Buku ini ditulis oleh Febrian Putra, seorang jurnalis yang santri alumni pondok pesantren Mambaul Ma’arif Denanyar dan Bahrul Ulum Tambak Beras Jombang.  Lazimnya karya jurnalistik, buku ini ditulis dengan gaya bahasa yang mengalir, renyah dan enak dibaca.  Secara etnografi, Febrian berhasil mengajak pembaca seolah ikut terlibat dalam rombongan safari dakwah TGB. Mengunjungi tempat-tempat penuh berkah seperti pondok pesantren di Jombang, Pamekasan, makam ulama hingga ruang seminar di kampus-kampus ternama di seantero negeri. Boleh dibilang ini semacam spiritual and academical journey.

Membaca buku ini, saya jadi ingat kata Mas Hernowo yang menulis andai buku itu sepotong pizza, ia bisa dinikmati dari sisi mana pun. Buku ini dapat dibaca di bagian depan atau di bab-bab akhir tanpa harus runtut membaca dari awal.  Titik lemahnya, banyak kalimat yang di ulang di beberapa tempat termasuk pengulangan  paragraf (hal 25-26).

Satu hal yang membedakan buku ini dengan karya jurnalistik lainnya adalah soal konten. Pembaca tidak hanya disuguhkan keseruan perjalanan dakwah TGB, tetapi yang terpenting adalah materi dakwah yang disampaikan sang tokoh. Tebaran mutiara hikmah dalam bentuk TGB Quote dapat dijumpai di hampir tiap lembar buku terbitan Inti Grafika Sukses Mulia.

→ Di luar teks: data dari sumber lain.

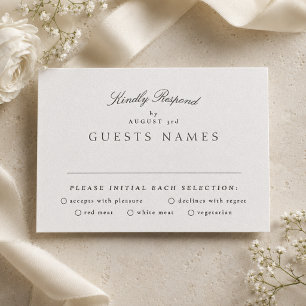 Formal Calligraphy With Joyful Hearts Formal Black Letterpress RSVP Cards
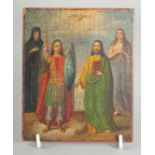 A SMALL WOODEN ICON with four figures. 3.5ins x 4.5ins.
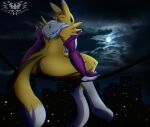  2021 anthro armwear black_sclera blue_eyes breasts butt city cityscape clothing cloud digimon digimon_(species) elbow_gloves female fur gloves handwear hi_res knightmoonlight98 moon neck_tuft night night_sky rear_view renamon side_boob sitting solo tuft yellow_body yellow_fur 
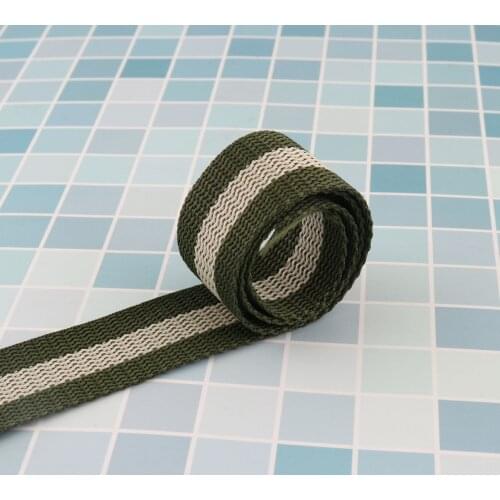 38mm Green/Grey Striped Webbing Polyester Cotton Fabric Belt Canvas Ribbon for Bag Pet Collar Backpack Clothes Decorations
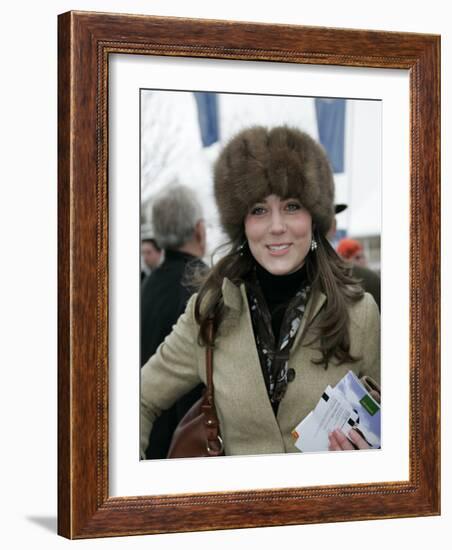 Prince William's girlfriend Kate Middleton seen here arriving at the Cheltenham Festival on Gold Cu-null-Framed Photographic Print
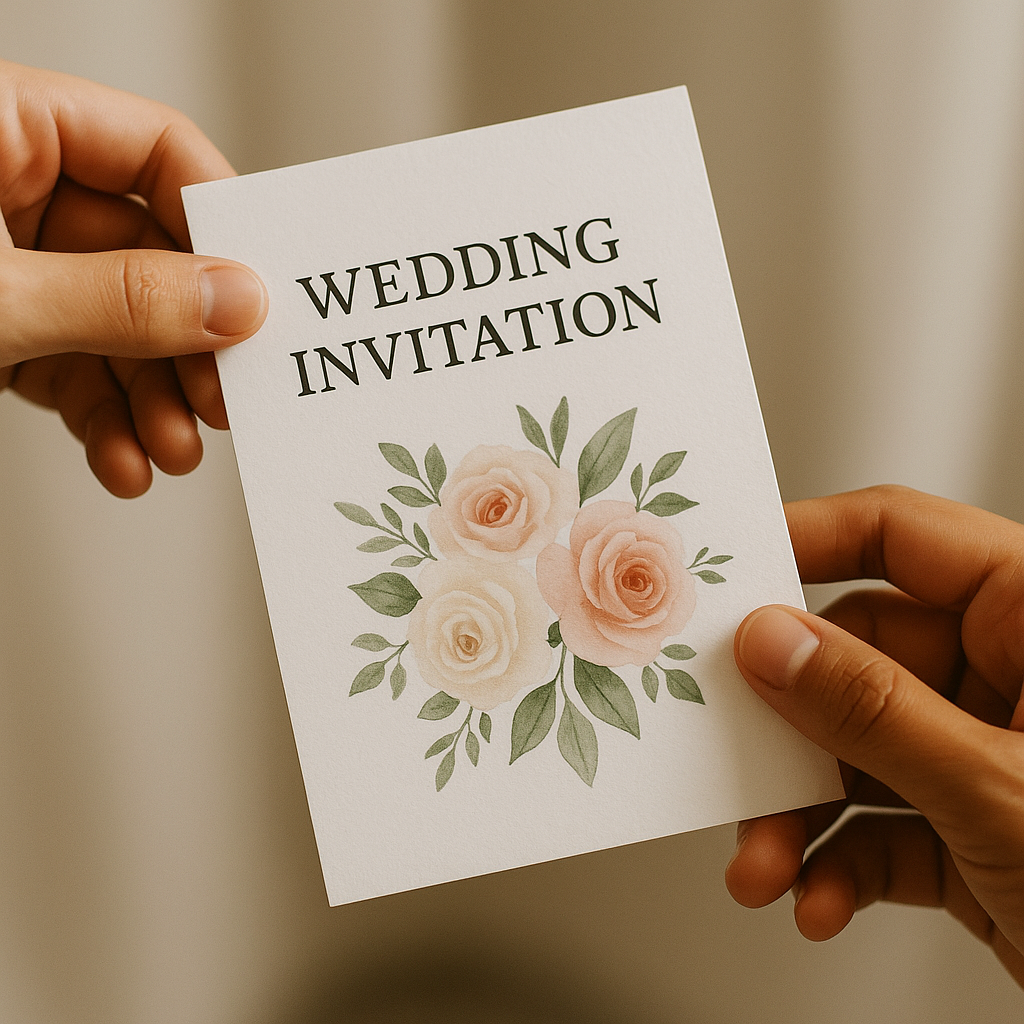 Invitada recibiendo una tarjeta de invitación a una boda.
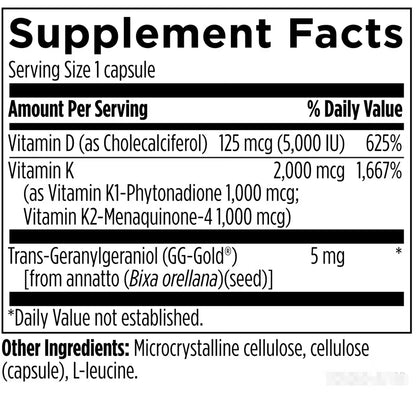 美國Designs for Health 維他命D3 5000IU+維他命K1/K2 Vitamin D Supreme，60粒膠囊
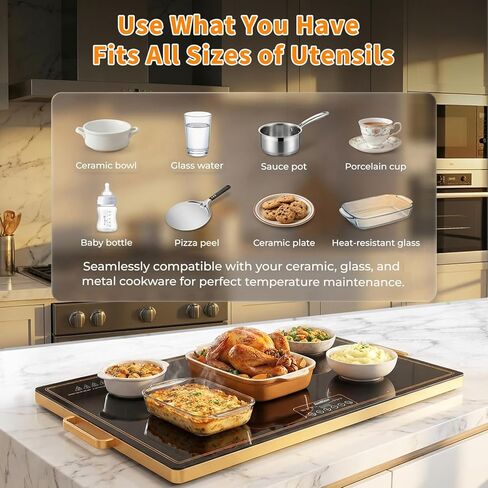 Electric Warming Tray (32"x18") with Handles, Food Warmer with Thermostat & Full Surface Heating, Warming Mat for Buffets Party Gatherings, Gold Edge (XL (32"x18") with Handles) in Saudi Arabia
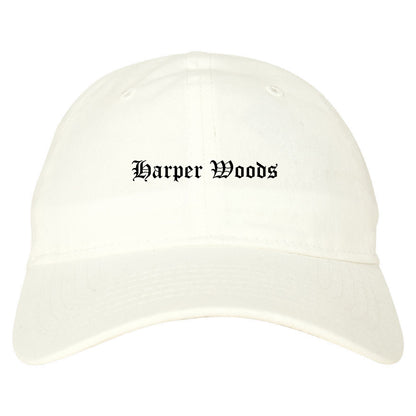Harper Woods Michigan MI Old English Mens Dad Hat Baseball Cap White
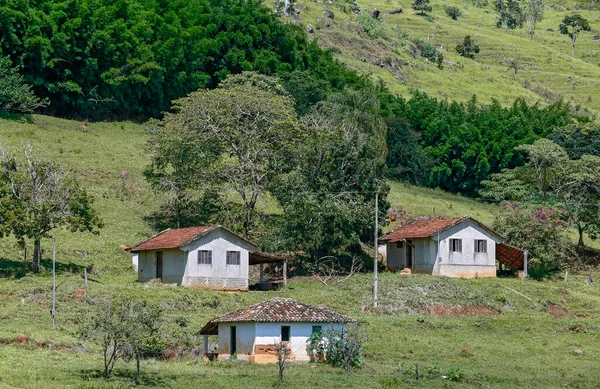 Rural Landscape Grass Trees Small House Hill Minas Gerais Brazil — Stock Photo, Image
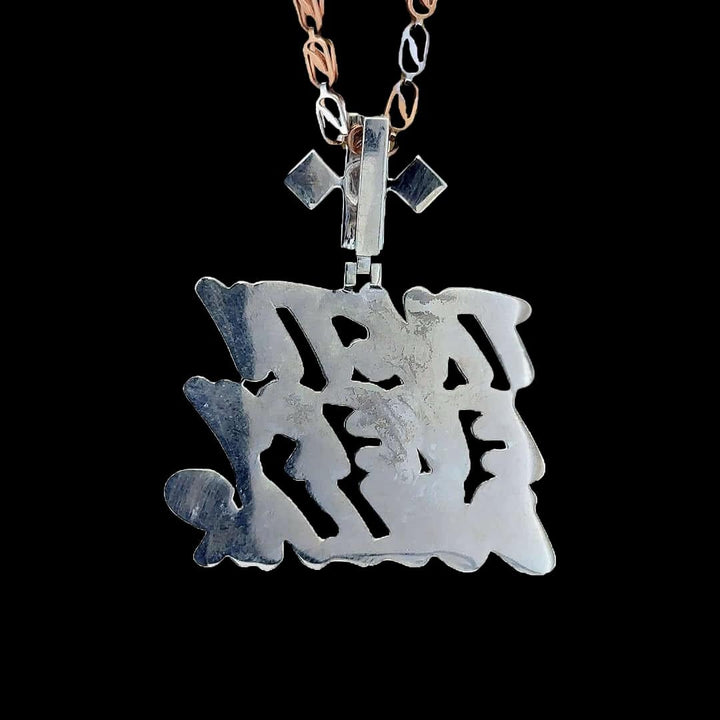 Every Dollar Hustle Moissanite Letter Pendant in 925 Sterling Silver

Dari sisi konten, sesuai judulnya, materi dakwah TGB berpusat pada ikhtiarnya membangun spirit kebangsaan dan keislaman dalam satu tarikan nafas. Merawat keindonesiaan adalah bagian tak terpisahkan dengan upaya merawat keislaman. Menjaga keutuhan NKRI merupakan sarana atau wasilah strategis agar semua umat dapat melaksanakan keislaman secara nyaman, aman dan damai. Semangat inilah yang dominan menghiasi materi dakwah TGB. Inilah misi utama TGB dalam mendakwahkan Islam Wasatiyah. Semangat keberagamaan yang moderat, meneguhkan visi Islam rahmatan li al-alamin. Wajar bila TGB pernah mendapat anugerah Moderasi Beragama dari Grand Syaikh Al-Azhar.

Pilihan moderasi beragama melalui Islam Wasathiyah merupakan hal urgen dan mendesak untuk terus menerus dikembangkan setidaknya beberapa alasan. Pertama, adanya gempuran ideologi Islam trans-nasional yang terus menerus menyasar generasi muda muslim termasuk di Indonesia. Kuatnya utopia kalangan hard liner Islam yang ingin membangun kembali romantisme masa lalu dengan mengusung konsep khilafah. Sebuah konsep yang tercerabut dari akar kultural tempat Islam berkembang.

Kedua, polarisasi masyarakat Indonesia yang terbelah akibat proses politik seperti pemilihan presiden. Seperti kita maklum, perbedaan politik telah menimbulkan friksi tajam di masyarakat. Tensi politik sejak naiknya Presiden Jokowi dan semakin memanas pada pemilihan periode kedua telah membelah masyarakat menjadi dua kubu; pendukung Prabowo vs pendukung Jokowi.

Ketegangan menjelang Pilpres terus terasa hingga kini, meskipun kedua pasangan capres saat ini telah ber-satu dalam barisan kabinet Jokowi. Para pendukung  fanatik  seolah lupa pemeo klasik bahwa dalam politik tak ada lawan atau kawan yang abadi. Yang abadi adalah kepentingan.

Dalam soal politik, TGB mengingatkan “tidak usah dibawa dalam hati, kalau sakit sembuhnya lama. Cukup dibawa ke kepala saja, kalau  sakit cukup sakit kepala’ (hal. 169). Ketiga, praktik Islam Wasathiyah di Nusantara dapat dijadikan salah satu tawaran membangun relasi mutualistik antara agama dan negara. Mengingat masih banyak umat Muslim yang gagal menempatkan hubungan yang pas antara agama dan negara.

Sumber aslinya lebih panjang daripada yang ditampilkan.